Token
A token is the fundamental unit of text that large language models process. Tokens are fragments of words, whole words, or punctuation marks that the model reads and generates. In English, one token is roughly 3/4 of a word — so 100 words is approximately 130-140 tokens.
How it works
LLMs do not process text as characters or words — they use tokens. A tokenizer splits input text into tokens based on patterns learned from training data. Common words like "the" or "hello" are single tokens, while uncommon words are split into multiple tokens ("tokenization" might become "token" + "ization").
Tokens matter for three practical reasons:
1. **Pricing**: LLM APIs charge per token (input + output). More tokens = higher cost. 2. **Context window**: Each model has a maximum token limit for the combined input and output. Exceeding it means truncating context. 3. **Latency**: More output tokens = longer response time, since LLMs generate one token at a time.

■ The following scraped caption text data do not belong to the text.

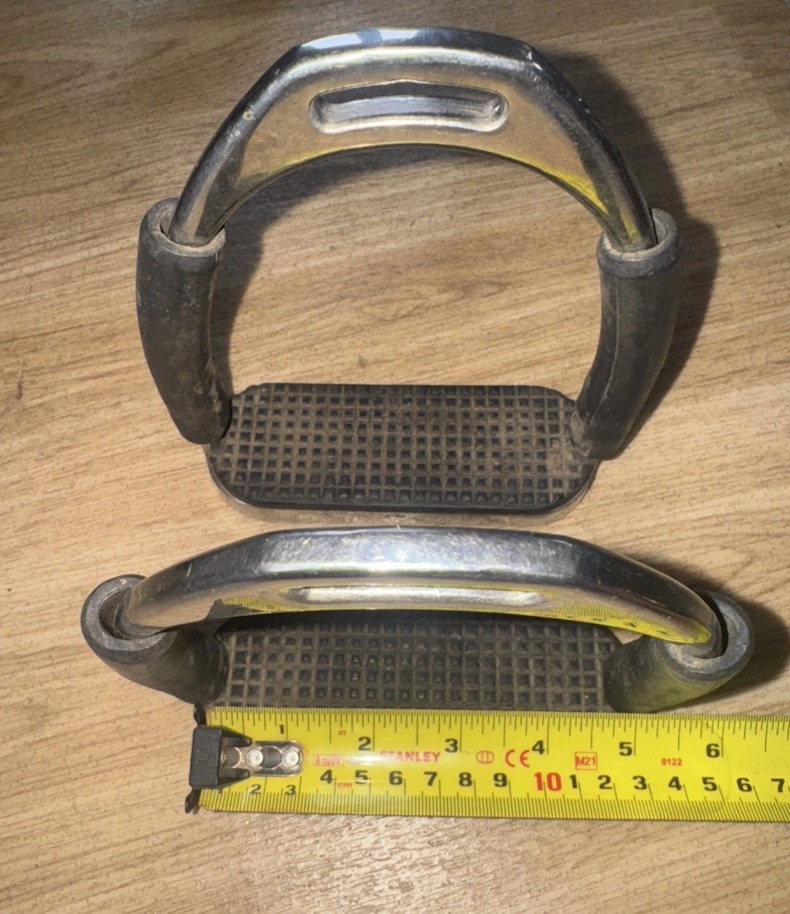 4.75" Flexi Stirrups #32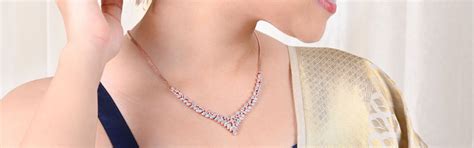 Difference Between Gold-Plated, Sterling Silver, and Pure 925 Silver ...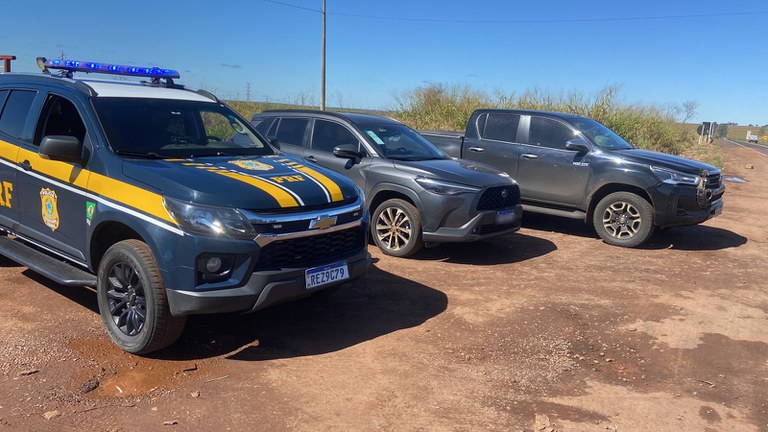 PRF recupera veículos e prende sequestrador de um casal mantido refém em Goiás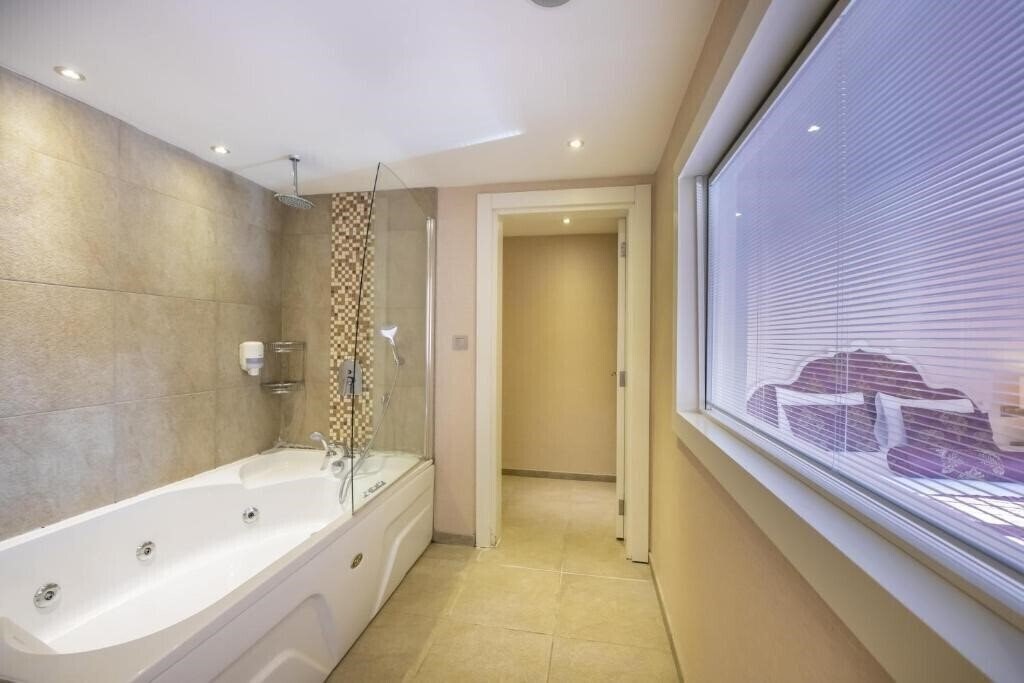 Картинка Han Deluxe Boutique Hotel 4*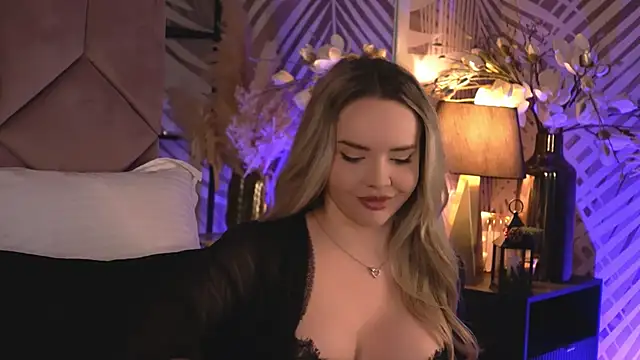 Snapshot of KatyaBelle chatting on February 2, 8:41 pm KatyaBelle online show from February 2, 8:41 pm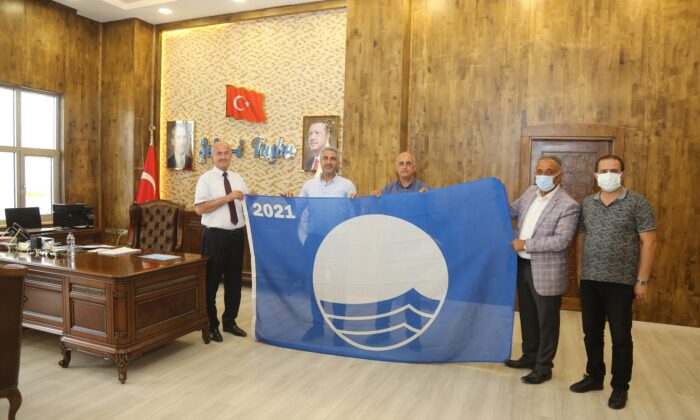 Başkan Akman, 4. kez hak kazanılan ‘Mavi Bayrağı’ teslim aldı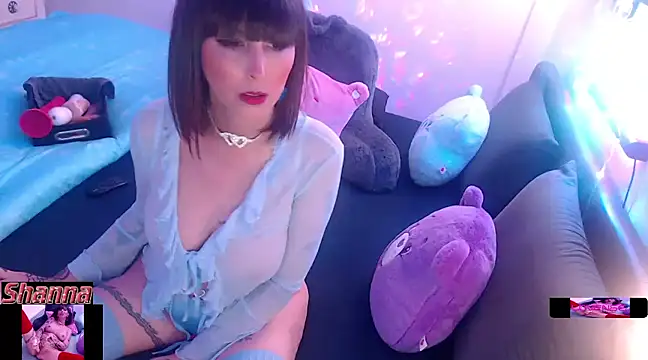 ShanLovely online show from February 10, 5:52 pm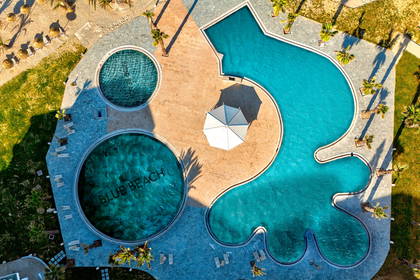 Baseny Blue Beach z lotu ptaka.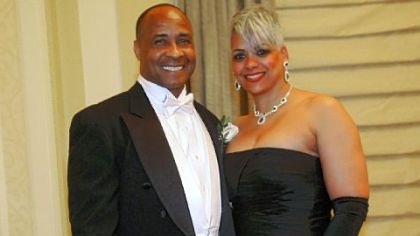 Lynn and Charena Swann.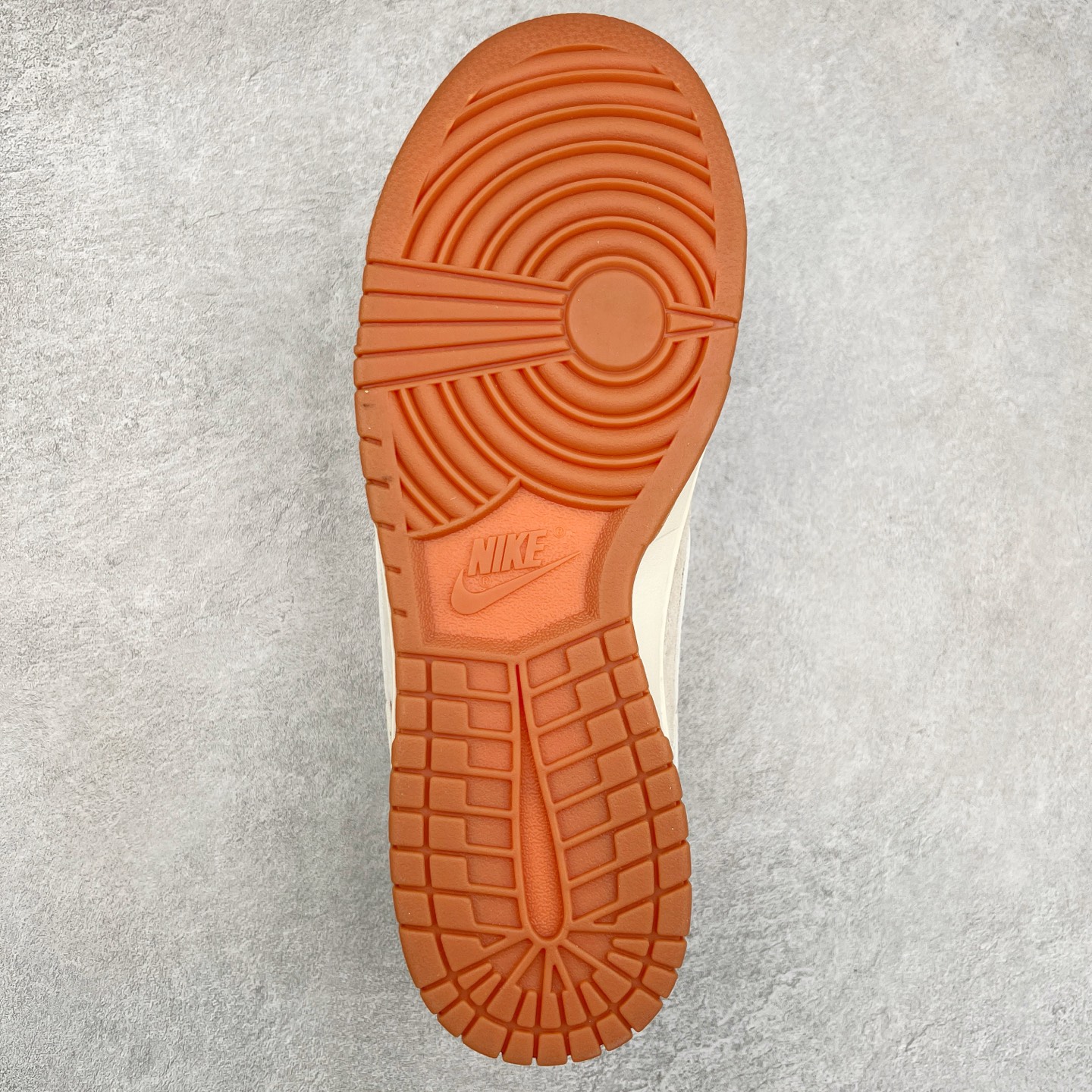 图片[9]-NK Dunk Low 定制配色 DM6868-039 大厂出品 极力推荐 原装头层材料 独家版型蒸餾加工帶來的是更好的视觉和脚感体验大厂纯原品质出货 清洁度 电绣工艺 皮料切割干净无任何毛边 细节完美 尺码：36 36.5 37.5 38 38.5 39 40 40.5 41 42 42.5 43 44 44.5 45-选品中心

For a typical customer support interaction: the system prompt uses 200-500 tokens, RAG context uses 500-2,000 tokens, the customer question uses 20-100 tokens, and the AI response uses 100-500 tokens.
Why it matters
How Chatsy uses token
Real-world examples
Key takeaways
Frequently asked questions
How many tokens are in a typical sentence?
An average English sentence of 15-20 words uses approximately 20-27 tokens. Exact count varies by vocabulary — common words use fewer tokens while technical or uncommon words use more. Most LLM providers offer free tokenizer tools to check exact counts.
Why do LLMs use tokens instead of words?
Tokens provide a balance between character-level processing (too granular, very slow) and word-level processing (too many unique words to handle efficiently). Tokenization reduces the vocabulary to 50,000-100,000 tokens that can represent any text efficiently, including code, numbers, and multiple languages.
How do tokens affect chatbot pricing?
LLM APIs charge per 1,000 tokens (input and output separately). Input tokens (your prompt + context) are cheaper than output tokens (the AI response). A typical support conversation costs $0.003-$0.01 in token fees. Platform pricing like Chatsy bundles token costs into conversation-based pricing for simpler budgeting.
Do different languages use different numbers of tokens?
Yes. English is the most token-efficient language because LLMs are primarily trained on English text. Languages using non-Latin scripts (Chinese, Japanese, Korean, Arabic) can use 2-3x more tokens for the same semantic content, which increases costs for multilingual deployments.